When I crossed to England, I found that I wanted to go back and have more of the wonder of war, which I had tasted in Paris. The wonder was the sparkle of equipment. It was plain curiosity to see troops line up, to watch the military pageant. There I had been seeing great handsome horses, men in shining helmets with the horsehair tail of the casque flowing from crest to shoulder, the scarlet breeches, the glistening boots with spurs. It was pictures of childhood coming true. I had hardly ever seen a man in military uniform, and nothing so startling as those French cuirassiers. And I knew that gay vivid thing was not a passing street parade, but an array that was going into action. What would the action be? It is what makes me fond of moving pictures—variety, color, motion, and mystery. The story was just beginning. How would the plot come out?
Those pictures of troops and guns, grouping and dissolving, during all the twelve months in Flanders, never failed to grip. But rarely again did I see that display of fine feathers. For the fighting men with whom I lived became mud-covered. Theirs was a dug-in and blown-out existence, with the spatterings of storm and black nights on them. Their clothing took on the soberer colors and weather-worn aspect of the life itself which was no sunny boulevard affair, but an enduring of wet trenches and slimy roads. Those people in Paris needed that high key to send them out, and the early brilliance lifted them to a level which was able to endure the monotony.
I went to the war because those whom I loved were in the war.
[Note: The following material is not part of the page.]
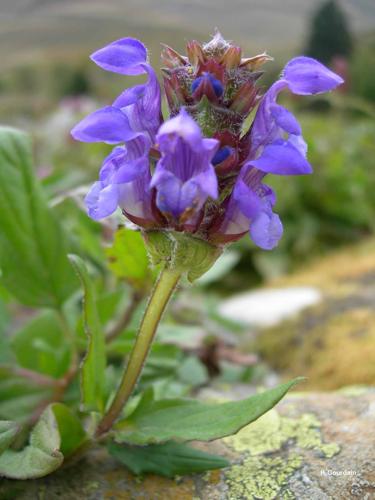 <i>Prunella grandiflora</i> (L.) Turra, 1764 © P. Gourdain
I wished to go where they were.
Finally, there was real appeal in that a little unprotected lot of people were being trampled.
I crossed in late September to Ostend as a member of the Hector Munro Ambulance Corps. With us were two women, Elsie Knocker, an English trained nurse, and Mairi Chisholm Gooden-Chisholm, a Scotch girl. There were a round dozen of us, doctors, chauffeurs, stretcher bearers. Our idea of what was to be required of women at the front was vague. We thought that we ought to know how to ride horseback, so that we could catch the first loose horse that galloped by and climb on him. What we were to do with the wounded wasn't clear, even in our own minds. We bought funny little tents and had tent practice in a vacant yard. The motor drive from Ostend to Ghent was through autumn sunshine and beauty of field flowers. It was like a dream, and the dream continued in Ghent, where we were tumbled into the Flandria Palace Hotel with a suite of rooms and bath, and two convalescing soldiers to care for us. We looked at ourselves and smiled and wondered if this was war. My first work was the commissariat for our corps.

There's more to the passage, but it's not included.